Small notes that show you care can make a big difference to your business

Customers Love Companies That Deliver the Personal Touch. Make Sure You're One of Them.

I travel quite a bit. My wife Nina and I are looking to see more of the world each year. Facilitating, consulting, and speaking take me all over the place.

As a result, I have stayed in many different hotels. What makes a great hotel for me? How caring and engaged the staff is.

Yes, the room should be clean, not too small, everything should work, and the noise level should be very low. Those are all givens.

The personal touch is what makes the difference.

It is so important that some hotels are training their entire staff on how to make their guests feel appreciated and cared for. New York Times article by Michael T. Luongo points out some hotels that have done so.
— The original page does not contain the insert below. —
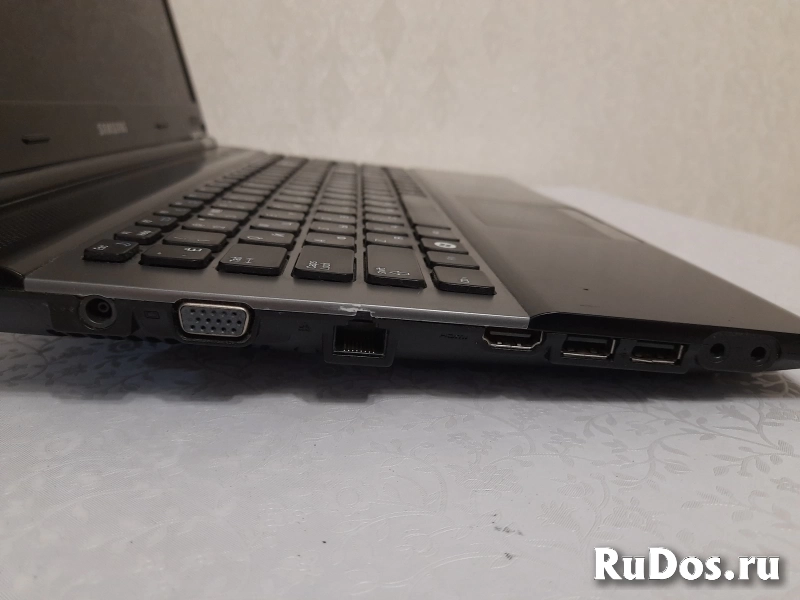 Ноутбук samsung rc530 с процессором Intel Core i7 фотка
What makes me feel like I travel a lot is that the two hotels mentioned in the article, the JW Marriott Grand Rapids in Michigan and the Hampton Inn and Suites Columbus-Downtown in Ohio, I’ve stayed in!

Both hotels are at opposite ends of the level of luxury they offer. What is the same is the level of service.

The employees were trained to understand that the way they deal with guests is an important part of the experience the hotel is selling. That experience can make a big difference in whether a guest returns or looks for a different hotel the next visit.

What does your company do to train your employees that they are doing more than just remodeling someone’s home? Unfortunately, many remodeling companies do next to nothing. But what could you do?

  • Ask your employees to share what makes them feel good when personally dealing with a service provider.
  • At your regular company meetings, highlight those employees who made a point of helping a client above and beyond the call of duty.
  • Celebrate simple things being done: Examples include picking up the client’s newspaper instead of driving over it; making sure all of the company’s employees know the names of the owners, their children, and their pets; and not parking in front of the neighbor’s mail box or in their favorite space.

Keeping this top-of-mind while the company works to get projects done positions your company as different in a good way.

None of what I am suggesting costs more money. It simply means focusing on the unmentioned needs of the people you are serving.

The result? More business from happy clients. Who wouldn’t want that?